Ray Acheson / Reaching Critical Will of WILPF – 2015-05-23 01:40:00
(May 20, 2015) — The new draft released from Subsidiary Body 1 on Tuesday morning significantly weakened an already minimalist text. This, together with the ongoing debate over the Review Conference’s outcome on nuclear disarmament, further accentuates the global injustice at the heart of nuclear weapon possession and deployment.
The new draft eliminates the demand, made by at least 159 NPT states parties to this Review Conference, that “it is in the interest of the very survival of humanity that nuclear weapons never be used again under any circumstances.”
It instead focuses on the nearly seventy-year record of non-use of nuclear weapons, as if the status quo is acceptable and “that we should contemplate a world with nuclear weapons indefinitely,” as the New Agenda Coalition (NAC) warned. The new draft also weakens the calls on Russia and the US for further reductions.
It weakens the language against modernisation and addressing the risks of nuclear weapons. While the call on states to abandon first use policies in security doctrines has rightly been removed, the text now only calls on concerned states to “continue to review” their nuclear weapon policies and doctrines rather than change them.
On the humanitarian consequences, the new text suggests that some states might have just been previously ignorant about the consequences, rather than new evidence becoming available. The new draft also cynically removes the reference to the importance of recognising the voices of survivors of nuclear weapons and recalling the 70th anniversary of their use on Hiroshima and Nagasaki.
In some paragraphs the new text attempts to reframe effective measures in the context of building blocks, suggesting that business as usual could somehow fulfill the overwhelming demand by the majority of states for new concrete efforts to prohibit and eliminate nuclear weapons.

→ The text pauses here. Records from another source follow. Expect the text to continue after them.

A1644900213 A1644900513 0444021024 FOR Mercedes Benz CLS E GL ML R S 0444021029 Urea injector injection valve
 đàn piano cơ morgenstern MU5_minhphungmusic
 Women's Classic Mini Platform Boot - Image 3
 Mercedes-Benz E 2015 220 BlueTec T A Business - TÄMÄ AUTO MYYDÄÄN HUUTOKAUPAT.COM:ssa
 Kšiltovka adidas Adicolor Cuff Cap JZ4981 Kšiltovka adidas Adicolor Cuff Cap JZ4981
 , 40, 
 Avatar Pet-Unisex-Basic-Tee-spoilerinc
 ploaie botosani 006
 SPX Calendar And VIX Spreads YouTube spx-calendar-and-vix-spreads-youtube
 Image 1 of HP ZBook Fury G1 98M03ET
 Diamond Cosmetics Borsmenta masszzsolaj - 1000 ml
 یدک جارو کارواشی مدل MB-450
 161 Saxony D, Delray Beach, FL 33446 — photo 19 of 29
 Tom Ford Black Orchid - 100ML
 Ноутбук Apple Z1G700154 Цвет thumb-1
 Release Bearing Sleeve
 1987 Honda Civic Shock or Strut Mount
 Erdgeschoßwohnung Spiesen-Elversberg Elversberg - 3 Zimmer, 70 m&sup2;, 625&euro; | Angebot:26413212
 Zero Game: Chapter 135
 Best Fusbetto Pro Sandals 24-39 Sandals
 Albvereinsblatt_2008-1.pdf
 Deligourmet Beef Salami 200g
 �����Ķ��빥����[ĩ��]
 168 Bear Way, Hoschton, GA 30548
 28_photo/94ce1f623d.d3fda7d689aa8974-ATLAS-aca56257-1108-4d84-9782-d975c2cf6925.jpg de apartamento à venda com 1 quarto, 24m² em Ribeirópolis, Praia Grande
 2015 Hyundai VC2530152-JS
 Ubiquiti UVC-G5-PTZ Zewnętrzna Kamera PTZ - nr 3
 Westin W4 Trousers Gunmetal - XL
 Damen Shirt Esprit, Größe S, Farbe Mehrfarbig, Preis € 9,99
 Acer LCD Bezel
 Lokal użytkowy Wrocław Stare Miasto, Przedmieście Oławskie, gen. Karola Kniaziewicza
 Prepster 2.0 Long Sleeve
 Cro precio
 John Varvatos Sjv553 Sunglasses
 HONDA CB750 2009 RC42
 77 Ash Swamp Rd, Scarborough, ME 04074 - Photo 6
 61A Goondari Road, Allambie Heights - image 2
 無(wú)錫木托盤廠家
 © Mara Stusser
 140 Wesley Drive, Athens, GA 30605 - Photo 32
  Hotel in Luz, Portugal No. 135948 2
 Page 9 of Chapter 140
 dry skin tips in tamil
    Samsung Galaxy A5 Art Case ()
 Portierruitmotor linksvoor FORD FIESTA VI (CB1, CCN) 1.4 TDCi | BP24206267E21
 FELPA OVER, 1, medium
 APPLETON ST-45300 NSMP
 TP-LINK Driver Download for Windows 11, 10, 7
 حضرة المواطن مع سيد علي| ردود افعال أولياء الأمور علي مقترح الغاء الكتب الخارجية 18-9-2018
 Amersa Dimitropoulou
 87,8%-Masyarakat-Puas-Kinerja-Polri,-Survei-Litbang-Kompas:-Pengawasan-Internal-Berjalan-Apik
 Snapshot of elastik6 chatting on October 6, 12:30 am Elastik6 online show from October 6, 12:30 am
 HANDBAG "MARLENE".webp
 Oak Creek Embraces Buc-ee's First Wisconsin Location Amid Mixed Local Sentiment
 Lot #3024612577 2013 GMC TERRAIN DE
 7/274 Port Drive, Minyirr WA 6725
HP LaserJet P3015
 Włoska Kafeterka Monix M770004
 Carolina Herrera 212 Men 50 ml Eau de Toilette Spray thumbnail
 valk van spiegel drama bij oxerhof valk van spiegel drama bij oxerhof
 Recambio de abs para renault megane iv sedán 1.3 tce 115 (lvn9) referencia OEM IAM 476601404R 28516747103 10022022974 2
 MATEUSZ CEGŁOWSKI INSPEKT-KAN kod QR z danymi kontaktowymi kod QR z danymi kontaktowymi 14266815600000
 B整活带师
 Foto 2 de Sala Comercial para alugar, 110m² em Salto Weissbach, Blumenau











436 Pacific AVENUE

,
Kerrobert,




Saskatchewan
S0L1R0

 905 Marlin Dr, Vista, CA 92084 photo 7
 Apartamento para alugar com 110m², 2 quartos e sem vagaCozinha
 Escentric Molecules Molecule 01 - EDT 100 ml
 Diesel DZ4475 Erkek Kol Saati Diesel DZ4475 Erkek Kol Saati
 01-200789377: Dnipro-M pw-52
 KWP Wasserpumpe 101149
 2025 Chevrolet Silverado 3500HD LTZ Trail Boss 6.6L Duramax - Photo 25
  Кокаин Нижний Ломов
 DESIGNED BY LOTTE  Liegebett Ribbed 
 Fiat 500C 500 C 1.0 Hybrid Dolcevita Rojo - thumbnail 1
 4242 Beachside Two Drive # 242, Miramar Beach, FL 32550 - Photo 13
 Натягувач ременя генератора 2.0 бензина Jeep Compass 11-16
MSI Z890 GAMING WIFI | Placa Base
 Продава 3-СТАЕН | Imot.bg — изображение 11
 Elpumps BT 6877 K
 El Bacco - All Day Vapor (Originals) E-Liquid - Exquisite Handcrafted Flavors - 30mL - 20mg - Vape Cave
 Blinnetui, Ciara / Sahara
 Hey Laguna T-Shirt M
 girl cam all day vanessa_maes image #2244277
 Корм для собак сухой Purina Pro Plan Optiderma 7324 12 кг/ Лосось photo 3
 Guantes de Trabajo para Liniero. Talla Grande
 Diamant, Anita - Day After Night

The text also continues to suggest that unilateral actions constitute effective measures envisioned by article VI, which is not the case. As the NAC argued on Monday, multilateral negotiations are necessary to fulfil article VI.
Overall the new draft continues to frame the legal framework for a nuclear weapon free world as a longer-term goal and does not contain any serious or concrete commitments to move towards this framework.
Yet the nuclear-armed states say even this is too strong. They have pushed back against references to a legal framework and have objected to the inclusion of benchmarks and timelines for nuclear disarmament.
They have demanded that their “security interests” be put in “balance” with humanitarian concerns about the devastating effects of nuclear weapons use. They do not want to make any new commitments, or, as the last few decades have shown, implement their existing ones.
While demanding flexibility to reach consensus, the NPT nuclear-armed states and some of their nuclear-dependent allies are articulating positions at odds with actually achieving nuclear disarmament. They are in fact revealing their true positions, which support the maintenance, modernisation, and continued deployment and threat of use of massive nuclear violence.
Only a handful of mostly wealthy countries possess and control a monopoly on nuclear weapons, the maintenance and modernisation of which benefits elites in those countries.
The governments of these countries have chosen to risk the annihilation of entire cities, populations, or even our planet. And it is these governments which participate most actively in meetings about nuclear weapons, including this NPT Review Conference.
A new paper published today by the civil society group Article 36 reveals the significance of low-income country underrepresentation in nuclear disarmament forums.
These countries could be more vulnerable to the negative impacts of a nuclear weapon detonation on economics, the environment, and development objectives, even though a high proportion are part of nuclear weapon free zones.
Yet they are less likely to send representatives to multilateral meetings on nuclear disarmament and generally make fewer statements on average than high-income countries — a high proportion of which are part of a nuclear alliance.
Nuclear weapons represent a grave global injustice. This injustice is on full display at the NPT. The NPT nuclear-armed and nuclear-dependent states, representing the vast majority of the world’s wealth, will only accept an outcome document that reinforces their continued possession and deployment of weapons of terror that they wield over the rest of the planet. They say that their weapons do not pose a risk to world security but rather that they prevent nuclear weapon use.
But as the Non-Aligned Movement has been saying for decades, as the three conferences on the humanitarian impact of nuclear weapons have found, and as the joint humanitarian statements in the NPT and General Assembly have asserted, the only way to prevent the use of nuclear weapons is to eliminate them.
This is the position of the majority. This is the position of justice. And it is the only position that responsible actors can take “in the interests of the survival of humanity.”